Chips & Cheese has some good CPU and SoC analysis
Yup, 2nd that one as well as the link I already gave. Maybe it's the more direct replacement for old school Anand.
Thanks for the suggestions! I will check them out.
Why is he not employed at research? Semiconductor is a gigantic field growing by the year.
(comment deleted)
2nm, sure, but what about SRAM register files and caches? SRAM has pretty much stopped scaling already.

SRAM scaling is where I'd love to see some advances.

It's getting denser, but just not as fast as logic. https://www.techpowerup.com/309331/tsmc-n3-nodes-show-sram-s...

You can make them smaller (like 20%) but those SRAMs suck electrically so no product actually uses them. So in actually shipping products the SRAM is roughly the same size (like 5% smaller).

One needs to remember these things are drawn by algorithms (no one is by hand drawing billions of transistors) and there have been 20 years+ of advancements on the algorithms that draw SRAM and because of the regularity of SRAM there's more opportunity to pack.

There's just not that much fat to cut in a SRAM structure (that's purely optimizing for density) so in many ways SRAM structures are the true measure of how small things are, and they are in fact used that way.

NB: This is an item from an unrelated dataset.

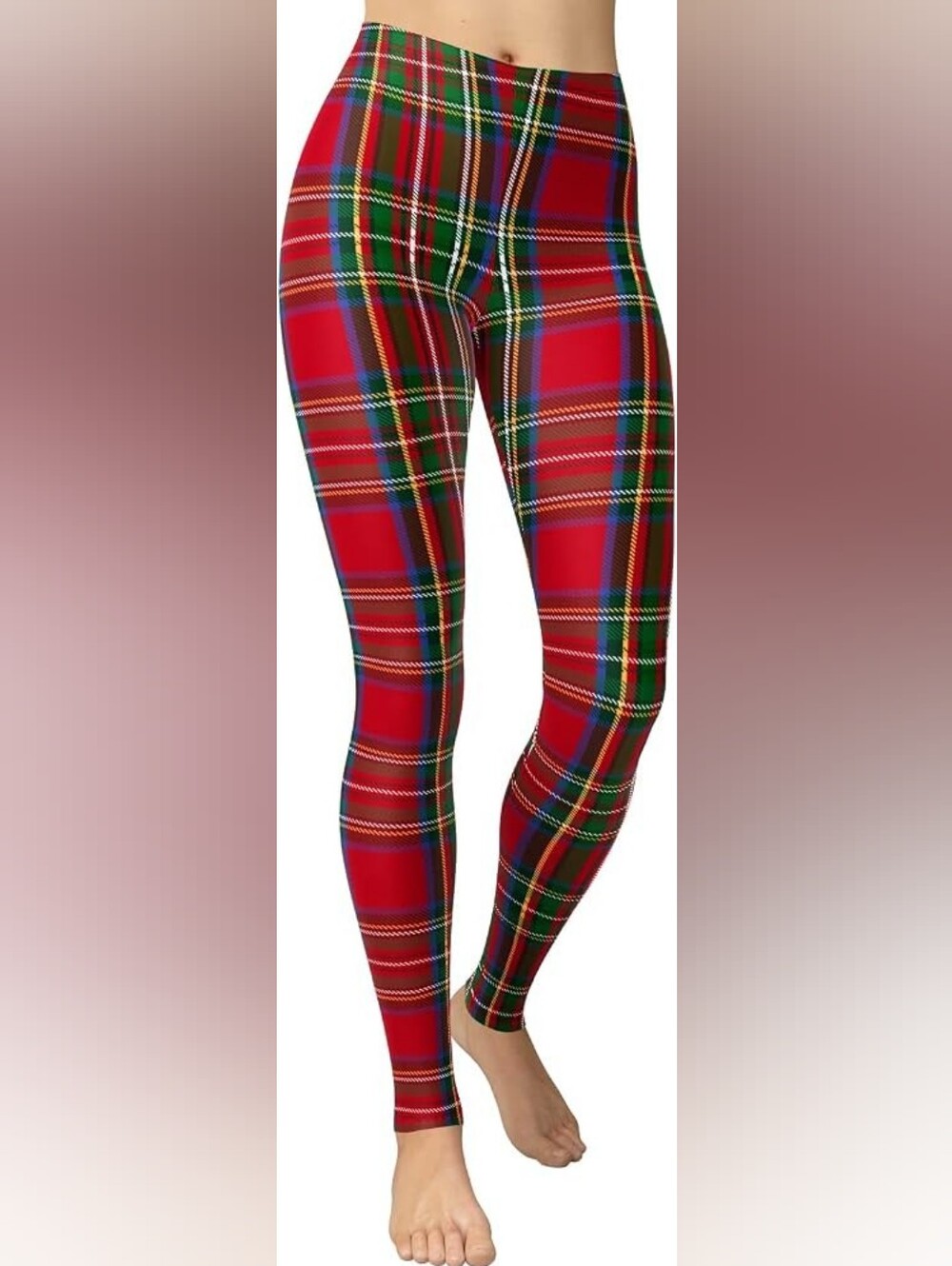 Viv Collection Tartan Plaid Stretch Leggings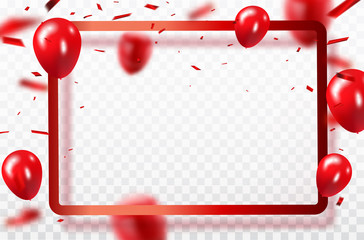 Red balloons, confetti concept design template Happy Valentine's Day, background Celebration Vector illustration.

And things are really really tiny already.

We need the same 3D stacking they do on NAND flash.
You mean "2,000 picometers"

Because, I stayed in a Holiday Inn last night and now I am a Marketing professional

Slightly surprised to hear about risc v being at cutting edge nodes
Why would you be?

The RISC-V "Horse Creek" was the very first SoC Intel made on its "Intel 4" process node.